I took it kind of hard, but looked at him and said, "All right." I got up from the chair where I'd been sitting and walked out, not caring what I did, but bound to get some money. Now, —— was a good fellow in his way; they all are if you have the price; but saloon-keepers are not running their places for the benefit of others, and when a man's money's gone they don't want him around. I had spent all I had, about twenty dollars, and now I was turned out, and it served me right.
Now there's something in rum that fascinates, something we can't understand. I wanted whiskey, and was ready to do anything to get it. The appetite in me was fierce. No one knows the terrible pangs, the great longing, but one who has been up against it. And nothing can satisfy the awful craving but whiskey.
THE TURNING-POINT
Many's the time I've stood on the Bowery and cursed God and the day I was born, and wished that I was dead. But here I was! Nobody cared for me, and why should they, for I did not care for myself. I did not even think God cared much or He would have done something. I imagined the Devil thought he had me for keeps, and so he did not exert himself very much either. I was out of the saloon, on the street, and little as I imagined such a thing would ever happen, I never entered ——'s saloon again. All unknown to me the turning-point in my life had come.
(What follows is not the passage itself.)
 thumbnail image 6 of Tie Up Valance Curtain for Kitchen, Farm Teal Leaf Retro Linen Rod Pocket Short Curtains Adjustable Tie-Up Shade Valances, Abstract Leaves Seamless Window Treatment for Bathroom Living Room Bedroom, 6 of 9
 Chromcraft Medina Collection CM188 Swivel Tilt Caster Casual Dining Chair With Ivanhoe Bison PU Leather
Sizing up the situation, I knew I must have a drink, but how was I to get it? Up to this time I'd done everything on the calendar except murder, and I don't know how I missed that. I've seen men killed, have been in a few shoot-ups myself, and bear some scars, but I know at this writing that God and a mother's prayers saved me from this awful crime.
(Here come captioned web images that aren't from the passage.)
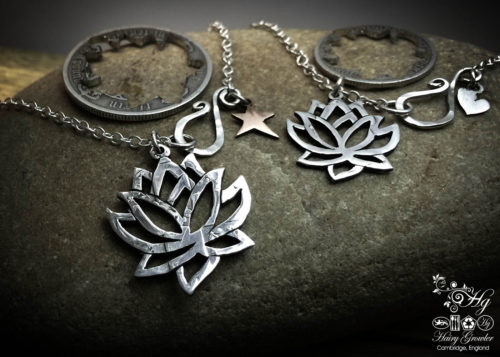 Lotus flower silver pendants - handmade and recycled using silver coins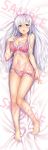  aldehyde bare_shoulders barefoot bed_sheet blush bow bow_bra bow_panties bra breasts cleavage collarbone dakimakura eyebrows_visible_through_hair eyes_visible_through_hair frilled_bra frilled_panties frills full_body hair_between_eyes hair_ornament hair_spread_out hairclip highres large_breasts legs long_hair looking_at_viewer lying navel neeko nose_blush on_back open_mouth original panties panty_pull pink_bra pink_panties red_eyes sample silver_hair solo stomach thigh_gap thighs underwear underwear_only white_bow 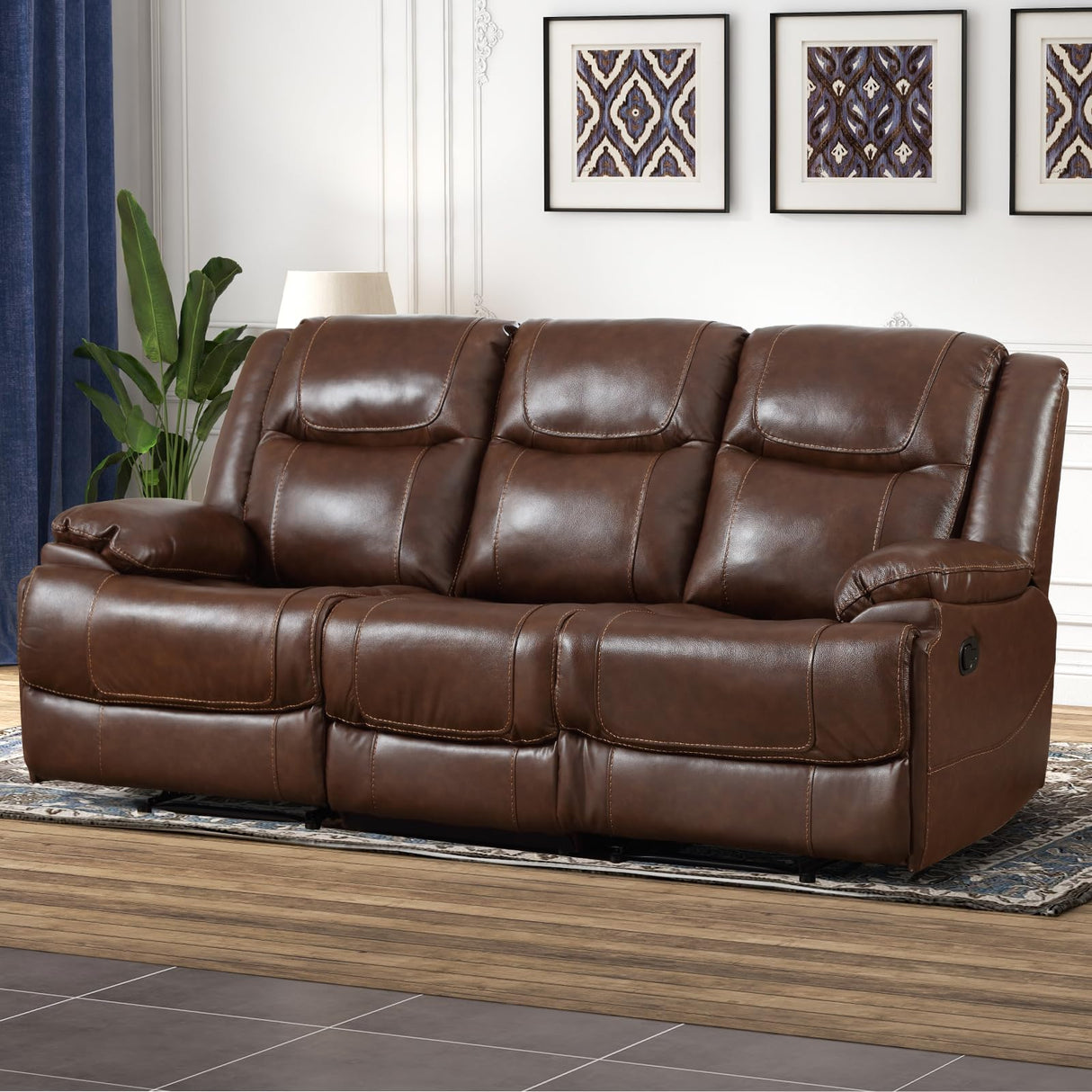 EBELLO Genuine Leather Manual Reclining Sofa, 3 Seat Recliner Sofa, Couch for Living Room, Bedroom Furniture, Meeting Room, Brown (3 Seat Sofa) EBELLO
Among the many accomplishments suited to the life I was leading was that of a "strong-arm man," and I determined to put it into use now, for I was desperate.
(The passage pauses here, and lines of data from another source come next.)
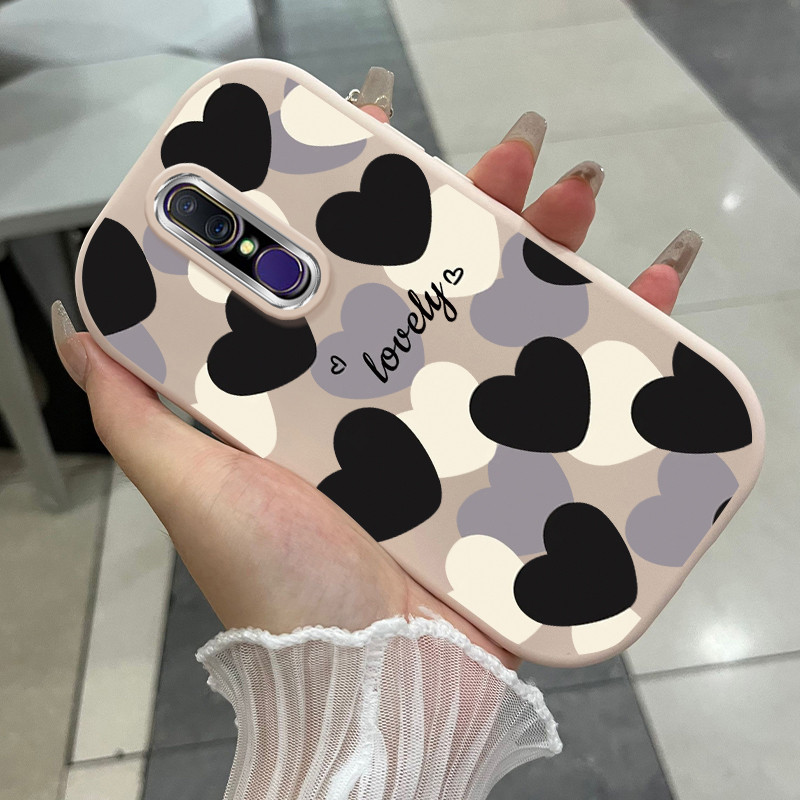 เคสสำหรับ OPPO F11 Pro F9 Pro A7X A9 2019 A9X Realme 2 Pro U1 เคสโทรศัพท์มีสีสันรูปหัวใจกันกระแทก – โปรปัง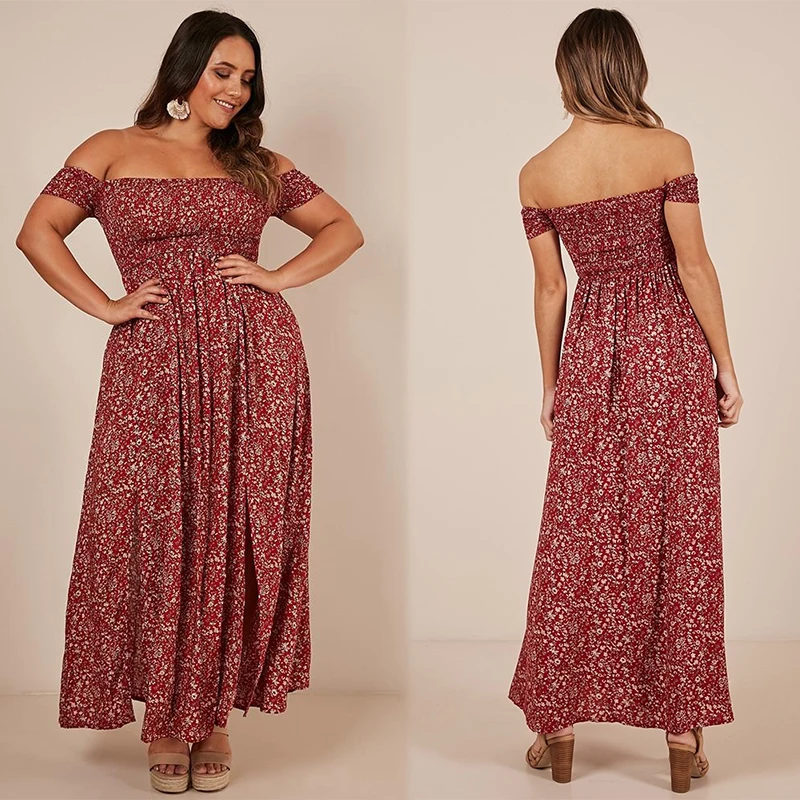 plus size Private Label Bohemian Dress Wholesale Fashion Women Long Maxi Floral Print Boho Dress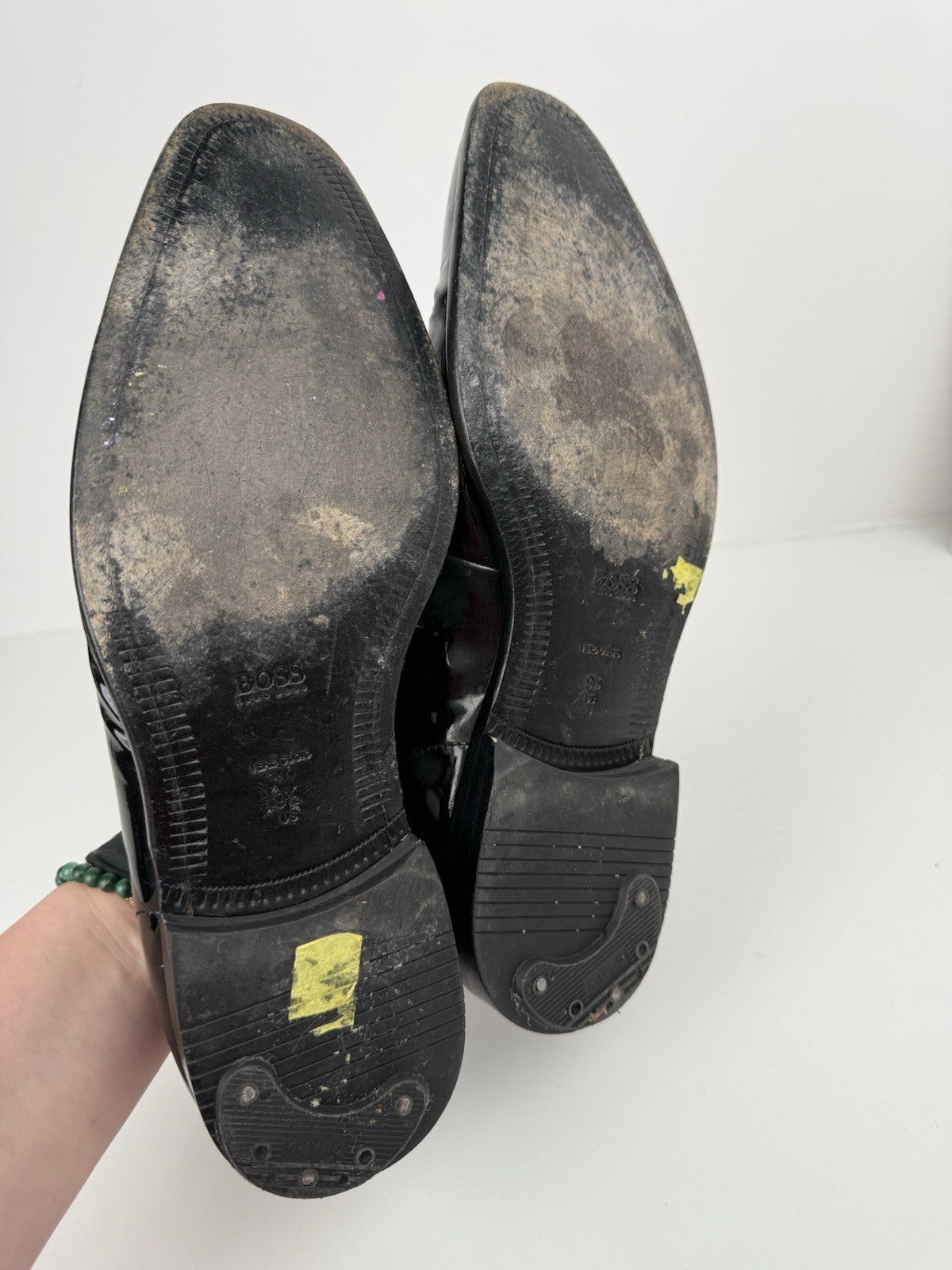 Hugo Boss Mellion Black Patent Leather Tuxedo Shoes Mens US 9.5 Formal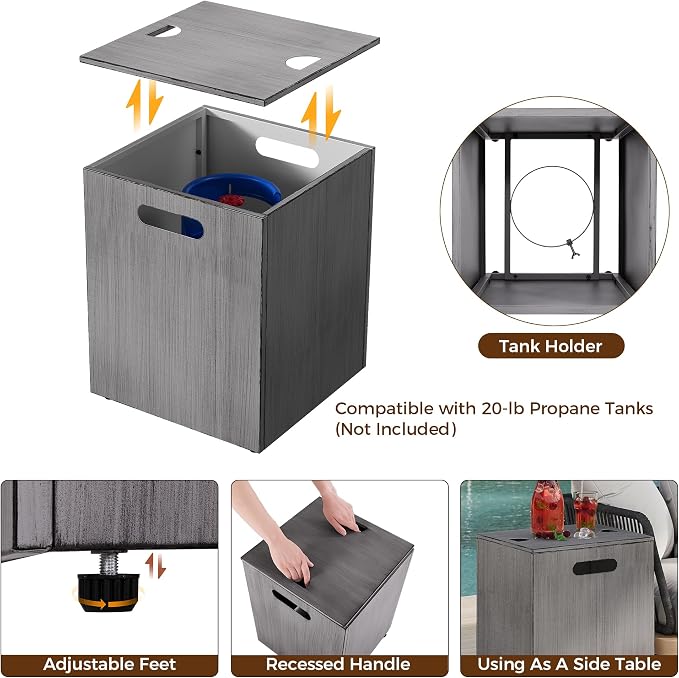IRONCK 43-inch Outdoor Propane Fire Pit Table w Tank Table, CSA Certified, 2 in 1 Rectangular Patio Fire Pit w Glass Rocks, Wind Guard and Cover, 50000 BTU Outside Heater for Pool, Vintage Gray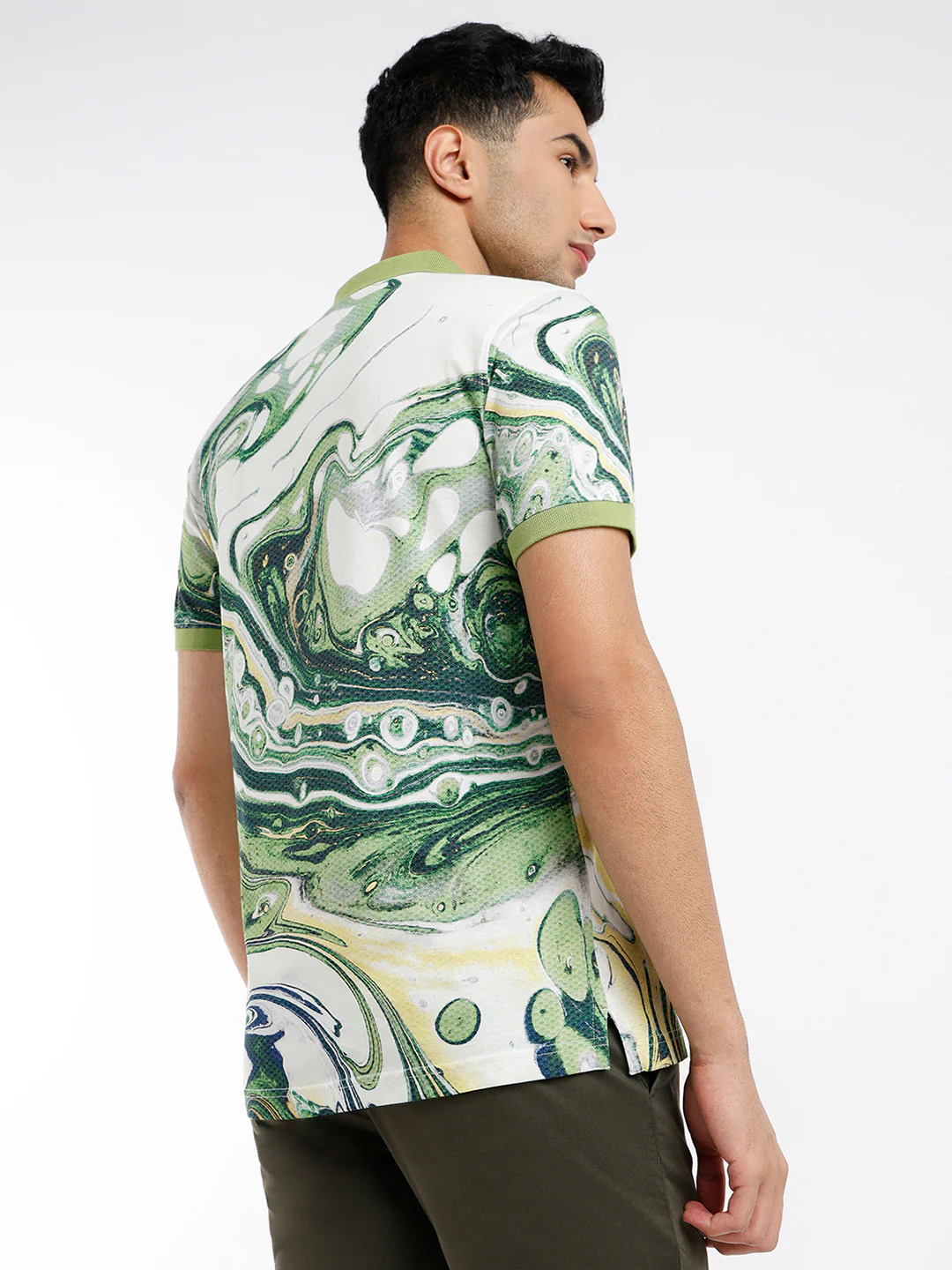 Colorplus Men Green Printed Regular Fit Cotton Blend T-Shirt - Image 4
The rule in this dastardly work is always to select a man smaller and weaker than one's self. As I looked about I saw a man coming up the Bowery who seemed to answer to the requirements, and I said to myself, "This is my man!" I walked up to him and touched him on the shoulder, but as he straightened up I saw that he was as big as myself, and I hesitated. I would have taken the chances even then, but he started back and asked what I wanted. I said I was hungry, thinking that he would put his hand in his pocket, and then, having only one hand, I could put the "strangle hold" on him. But he was equal to the situation. He told me afterward that I looked dangerous.
I asked him if he was ever hungry. He said, "Many's the time." I told him I was starving. "Come with me," said he, and we went over to Chatham Square, to a place called "Beefsteak John's."
We went in and sat down, and he said, "Now order what you want." On the Bowery in those days you could get a pretty good meal for fifteen cents—all you wanted to eat. The waiter was there to take my order. I knew him and winked to him to go away, and he went. He thought I was going to work the young fellow for his money.